## DIRECTIONS:
Repeat the lines below exactly as written, please, from the line with "Разработка информационной системы" to the line with "본문 이미지 - 현대건설 '생성형 AI 분양 상담사' 서비스 (현대건설 제공)", both lines included, and no others.

## SUPPLIED RECORDS:
^^^^^^^^^^^^^^^^
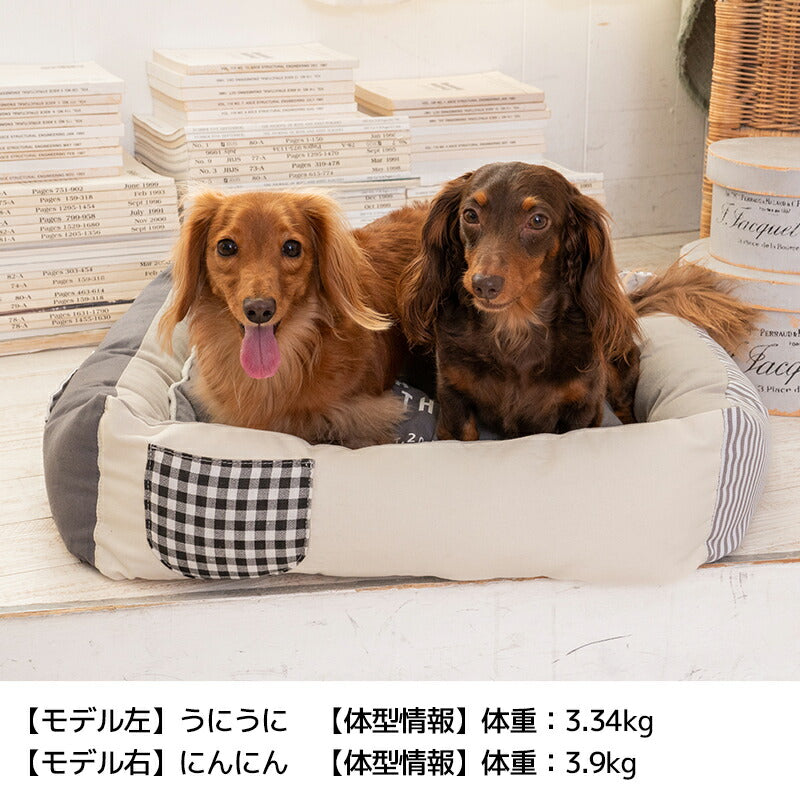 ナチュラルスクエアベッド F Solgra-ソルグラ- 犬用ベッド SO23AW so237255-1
^^^^^^^^^^^^^^^^
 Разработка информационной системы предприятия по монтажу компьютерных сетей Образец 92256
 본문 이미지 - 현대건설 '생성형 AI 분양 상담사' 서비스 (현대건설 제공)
^^^^^^^^^^^^^^^^
## EXERCISE SOLUTION:
 Разработка информационной системы предприятия по монтажу компьютерных сетей Образец 92256
 본문 이미지 - 현대건설 '생성형 AI 분양 상담사' 서비스 (현대건설 제공)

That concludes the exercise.